──────── DATASET RECORDS ────────
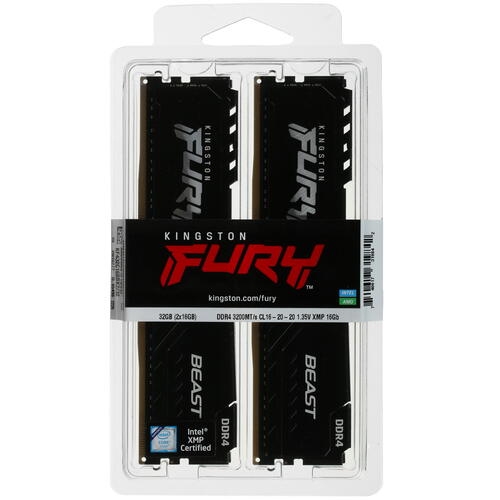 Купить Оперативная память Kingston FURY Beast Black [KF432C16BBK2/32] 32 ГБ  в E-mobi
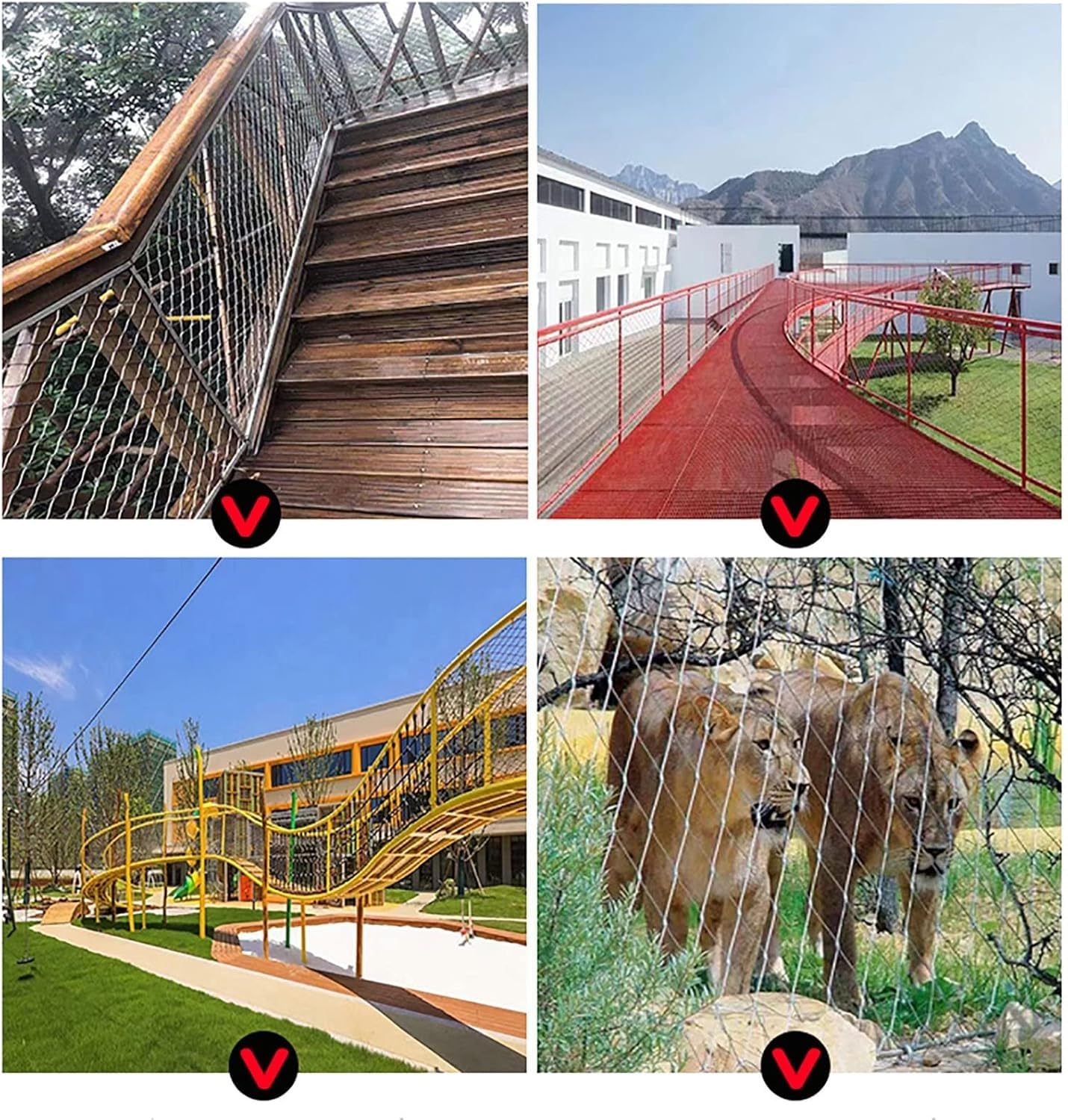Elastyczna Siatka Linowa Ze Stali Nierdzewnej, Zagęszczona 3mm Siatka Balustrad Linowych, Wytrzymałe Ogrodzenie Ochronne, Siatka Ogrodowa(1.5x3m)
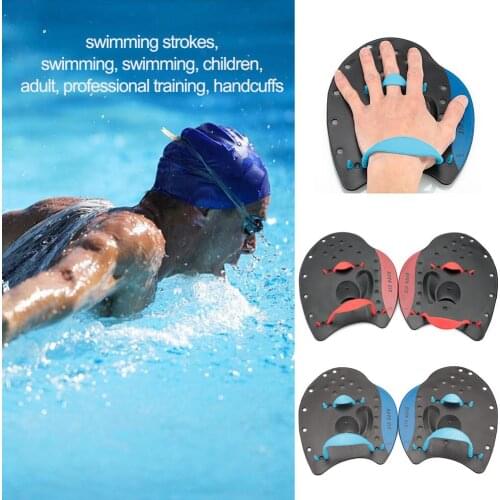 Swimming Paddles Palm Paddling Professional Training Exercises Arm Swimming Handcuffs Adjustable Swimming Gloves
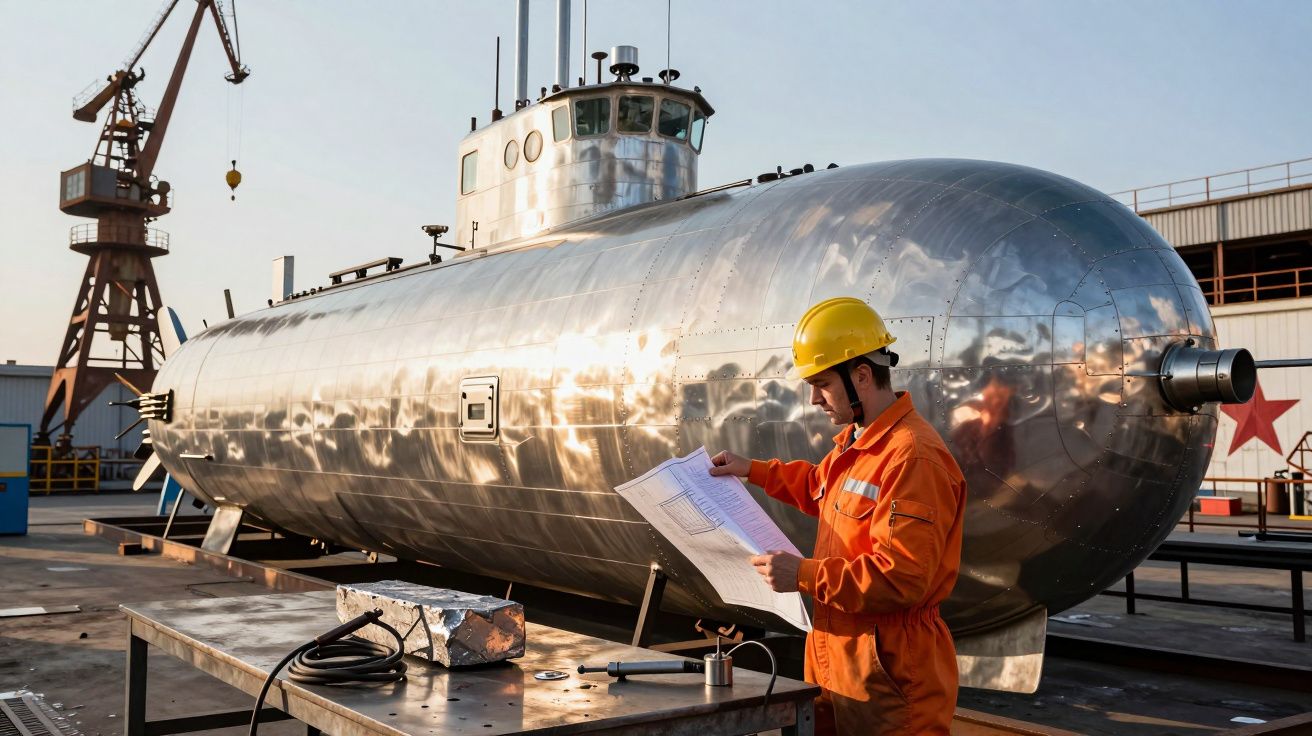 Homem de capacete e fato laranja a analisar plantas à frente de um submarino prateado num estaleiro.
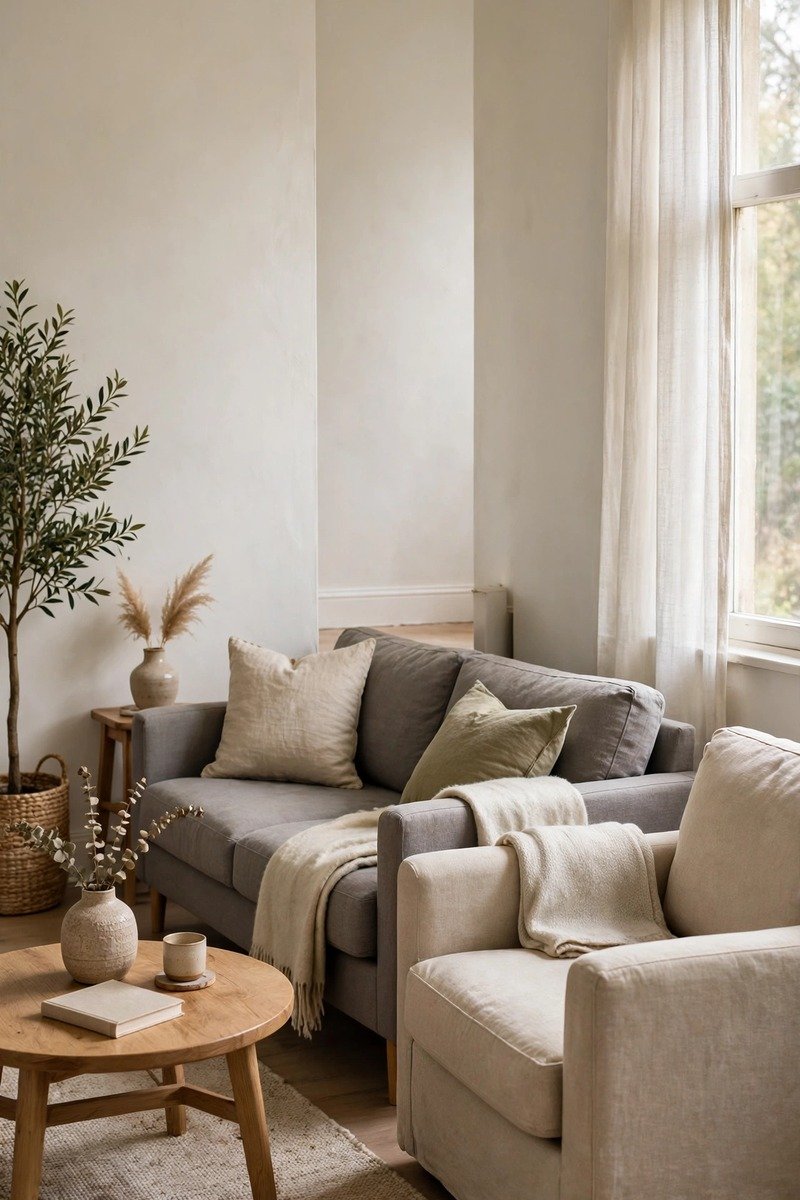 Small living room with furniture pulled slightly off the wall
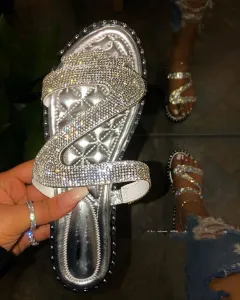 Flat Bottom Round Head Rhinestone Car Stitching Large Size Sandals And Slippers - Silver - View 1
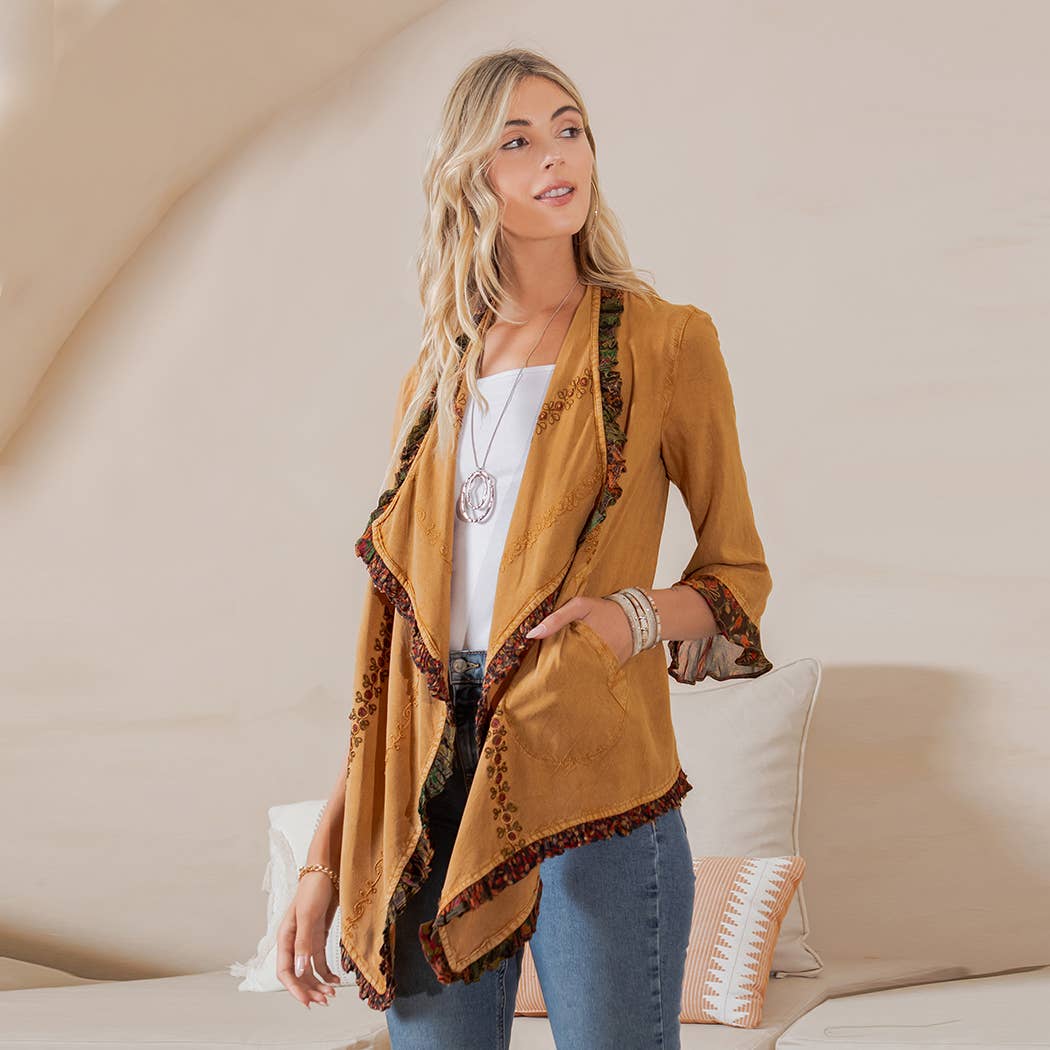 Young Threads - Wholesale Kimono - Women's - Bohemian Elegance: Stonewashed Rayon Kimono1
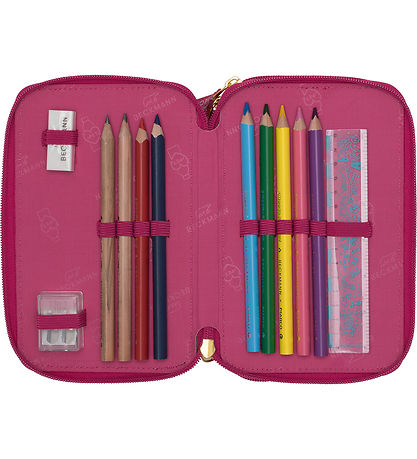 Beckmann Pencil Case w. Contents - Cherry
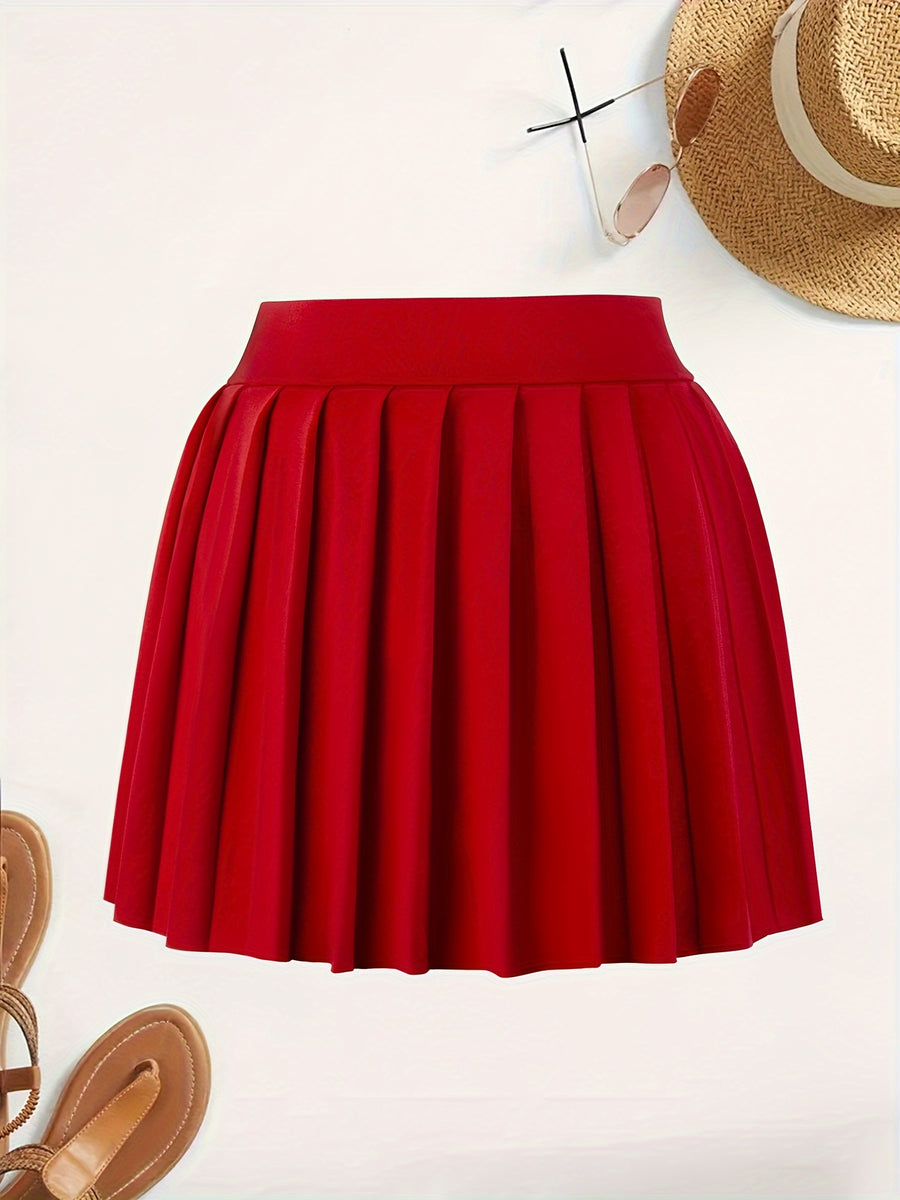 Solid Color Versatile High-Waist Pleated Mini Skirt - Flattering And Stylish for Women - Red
────────
WORK REQUIRED - An exact copy of every entry, without pictures, should be your output.

WORKED SOLUTION -
 Купить Оперативная память Kingston FURY Beast Black [KF432C16BBK2/32] 32 ГБ  в E-mobi
Elastyczna Siatka Linowa Ze Stali Nierdzewnej, Zagęszczona 3mm Siatka Balustrad Linowych, Wytrzymałe Ogrodzenie Ochronne, Siatka Ogrodowa(1.5x3m)
 Swimming Paddles Palm Paddling Professional Training Exercises Arm Swimming Handcuffs Adjustable Swimming Gloves
 Homem de capacete e fato laranja a analisar plantas à frente de um submarino prateado num estaleiro.
 Small living room with furniture pulled slightly off the wall
 Flat Bottom Round Head Rhinestone Car Stitching Large Size Sandals And Slippers - Silver - View 1
 Young Threads - Wholesale Kimono - Women's - Bohemian Elegance: Stonewashed Rayon Kimono1
 Beckmann Pencil Case w. Contents - Cherry
 Solid Color Versatile High-Waist Pleated Mini Skirt - Flattering And Stylish for Women - Red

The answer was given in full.